SUPPLIED INFORMATION section start
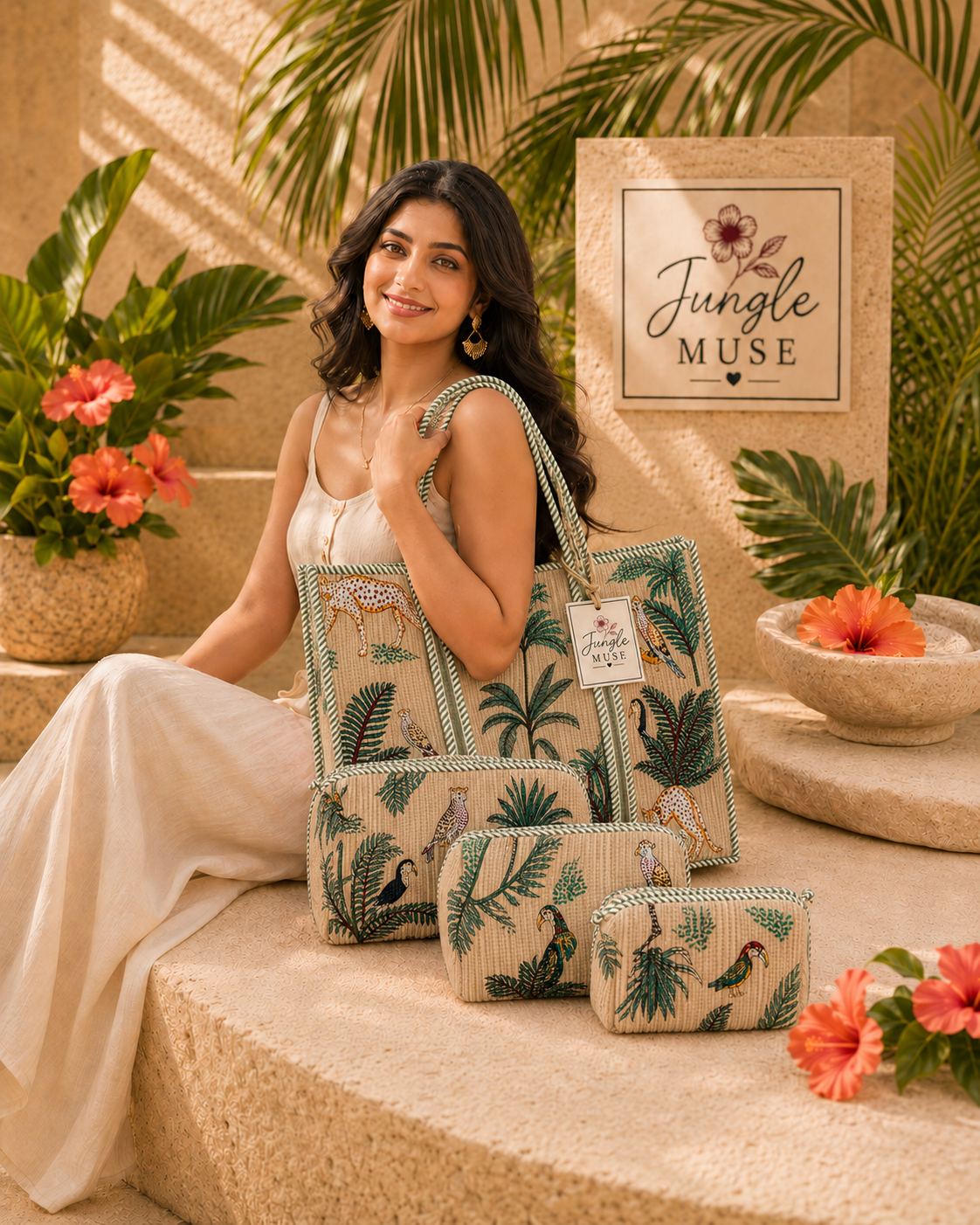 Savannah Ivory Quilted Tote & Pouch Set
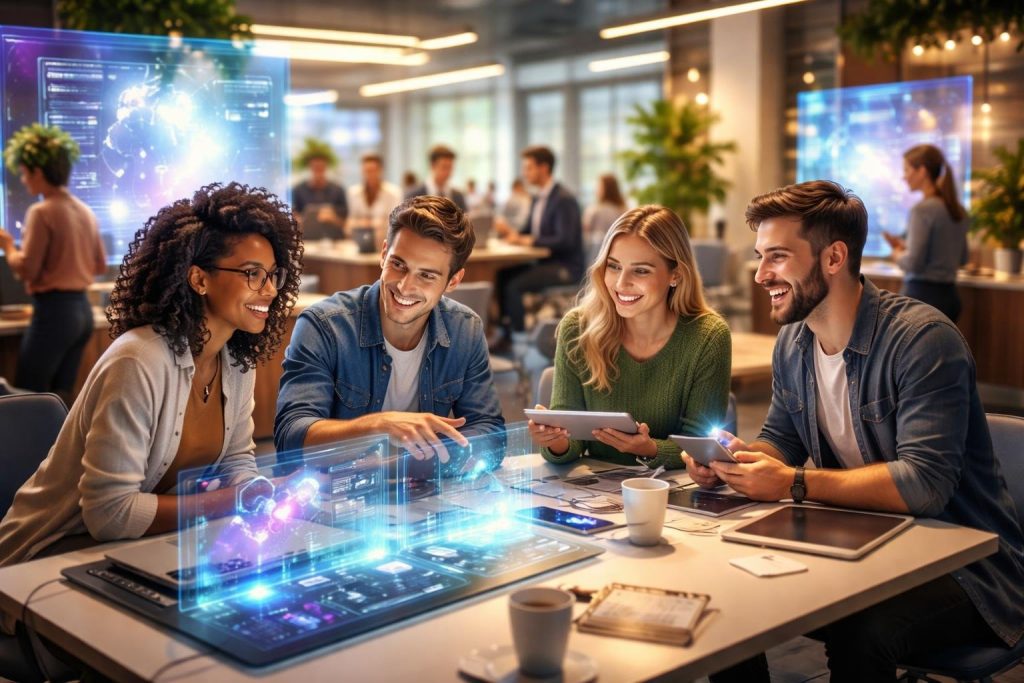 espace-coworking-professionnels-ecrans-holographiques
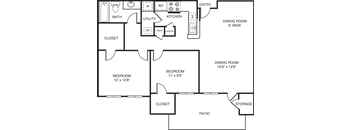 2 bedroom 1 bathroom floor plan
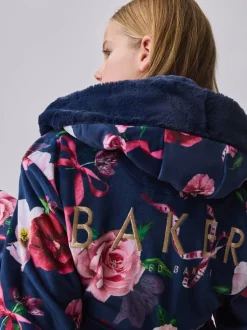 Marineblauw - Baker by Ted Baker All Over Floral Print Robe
SUPPLIED INFORMATION section end
### [WHAT IS REQUIRED]
Could you repeat the data exactly, omitting its pictures?

### [ANSWER FOR THE TASK]
 Savannah Ivory Quilted Tote & Pouch Set
 espace-coworking-professionnels-ecrans-holographiques
 2 bedroom 1 bathroom floor plan
 Marineblauw - Baker by Ted Baker All Over Floral Print Robe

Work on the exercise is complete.